Pictures with short captions:
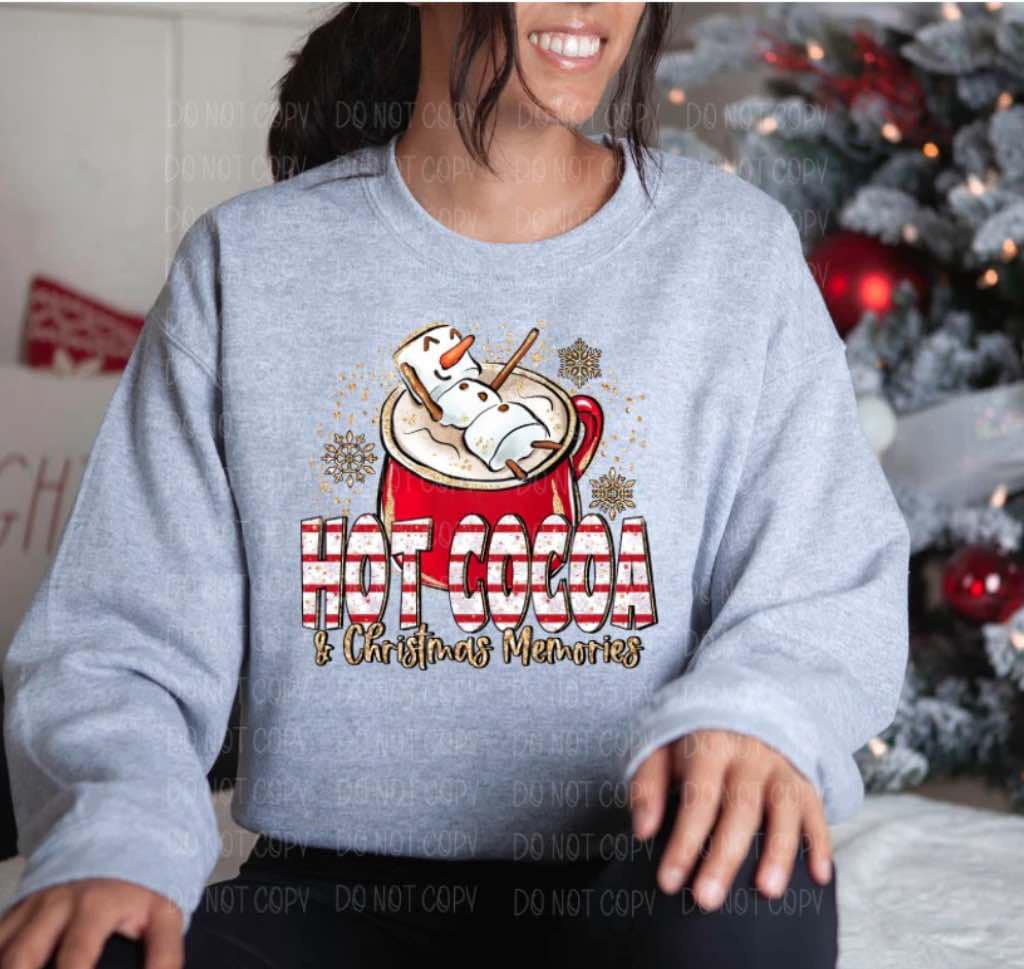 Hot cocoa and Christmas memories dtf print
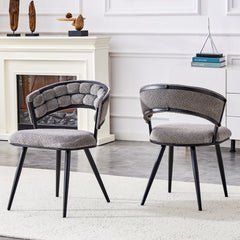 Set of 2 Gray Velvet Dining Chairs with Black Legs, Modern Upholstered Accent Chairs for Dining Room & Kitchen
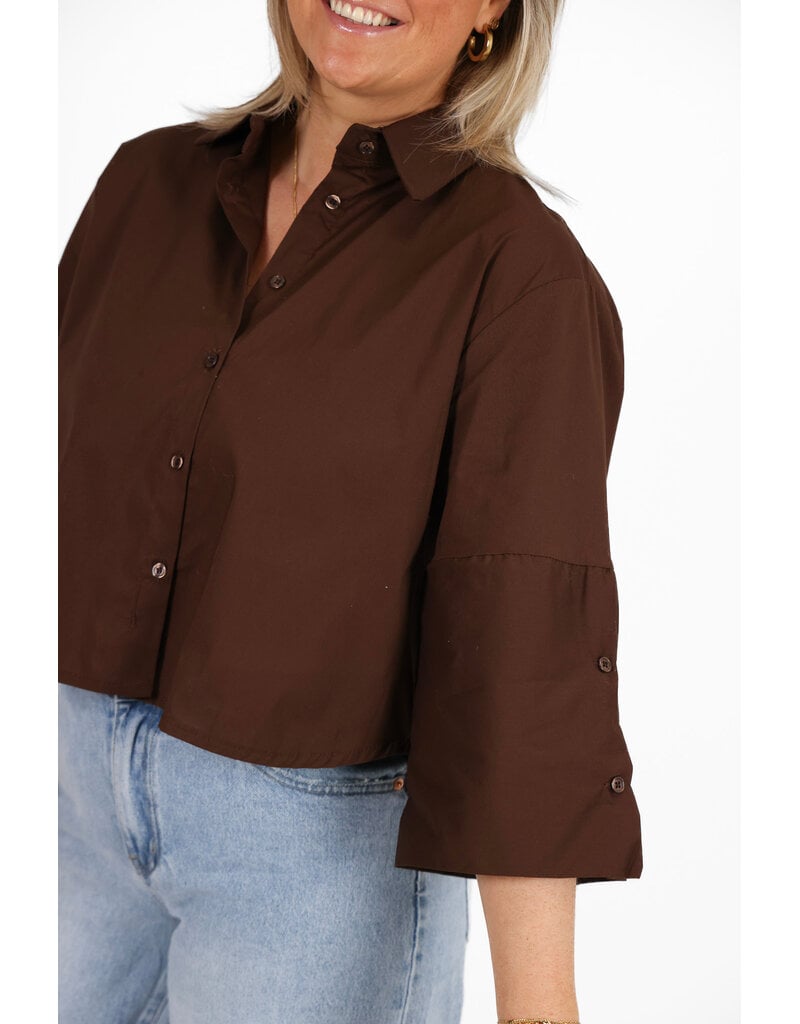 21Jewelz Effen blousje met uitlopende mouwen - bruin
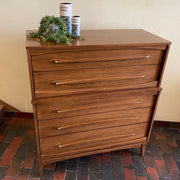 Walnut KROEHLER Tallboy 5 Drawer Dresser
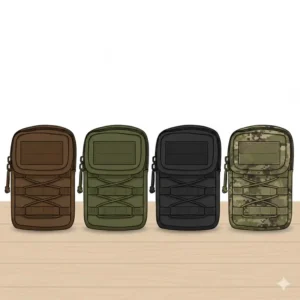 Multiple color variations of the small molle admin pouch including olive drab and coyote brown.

PROMPT
Output each record verbatim and leave out its pictures.

TASK RESPONSE
 Hot cocoa and Christmas memories dtf print
 Set of 2 Gray Velvet Dining Chairs with Black Legs, Modern Upholstered Accent Chairs for Dining Room & Kitchen
 21Jewelz Effen blousje met uitlopende mouwen - bruin
 Walnut KROEHLER Tallboy 5 Drawer Dresser
 Multiple color variations of the small molle admin pouch including olive drab and coyote brown.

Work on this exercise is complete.